This question is related to my previous post.
In case of a meta-analysis of a pre-post treatment design I have data given from 5 studies that tested subjects pre- and post-treatment on a continuous scale (means and standard deviation are available pre- and post-treatment). Moreover every study has tested 4 subgroups. Here is some dummy data:
set.seed(123)
a <- c(rep("study1",4), rep("study2",4), rep("study3",4), rep("study4",4), rep("study5",4), rep("study6",4))
b <- rep(c("group1", "group2", "group3", "group4"),6)

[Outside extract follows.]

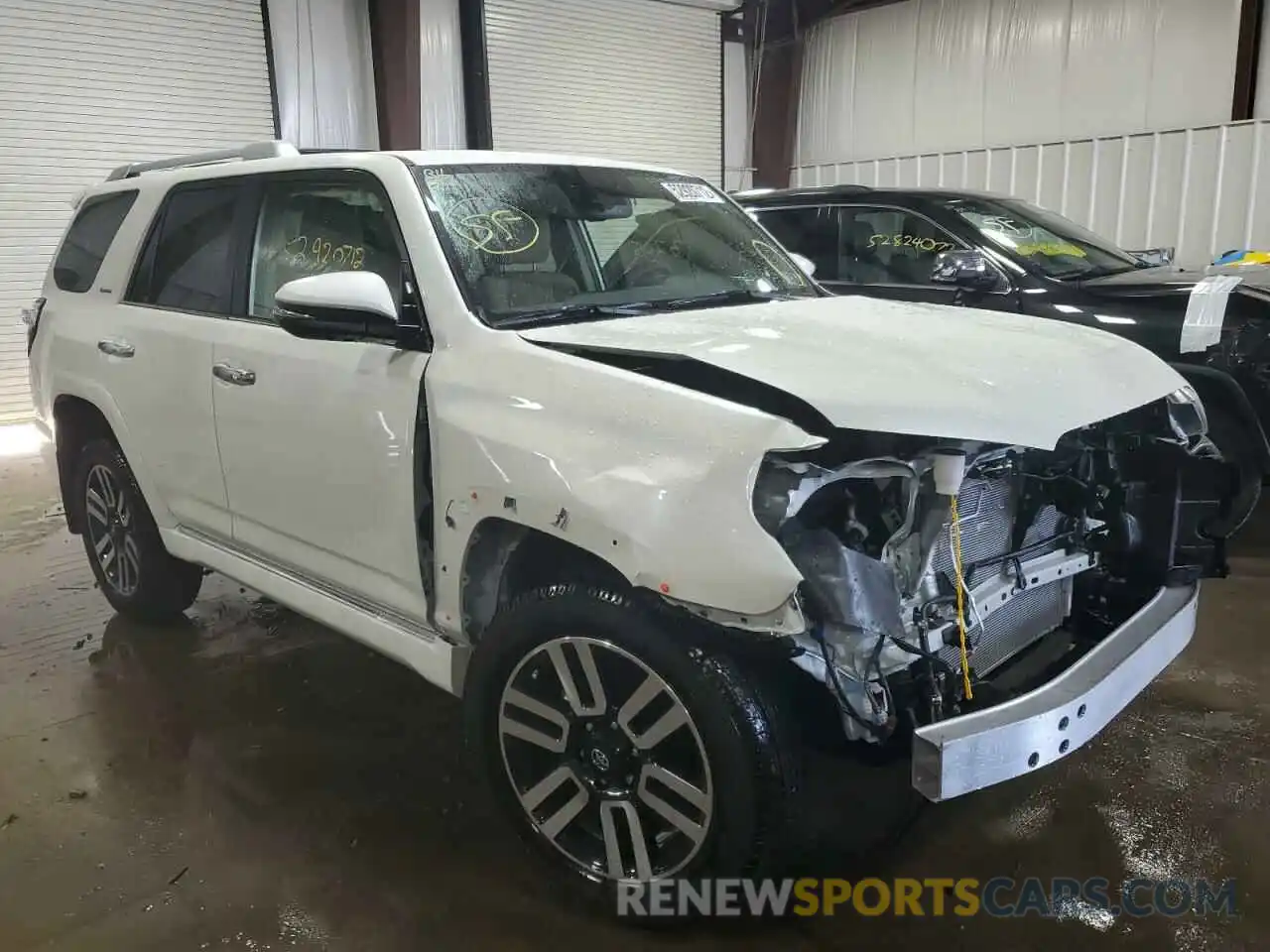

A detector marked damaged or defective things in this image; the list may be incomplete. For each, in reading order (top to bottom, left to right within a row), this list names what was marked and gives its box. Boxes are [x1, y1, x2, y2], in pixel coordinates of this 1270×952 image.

damaged white suv [30, 143, 1238, 900]
crumpled hood [520, 294, 1191, 450]
crushed front end [754, 391, 1238, 801]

my_data <- as.data.frame(cbind(a,b))
names(my_data) <- c("study", "group")
my_data$n <- round(rnorm(24,100,20),0)
my_data$mean_pre <- rep(c(1,2,3,4),6) + rnorm(24,0,0.5)
my_data$mean_post <- rep(c(1,2,3,4),6)*2 + rnorm(24,0,0.5)
my_data$var_pre <- rep(1, 24) + rnorm(24,0,0.25)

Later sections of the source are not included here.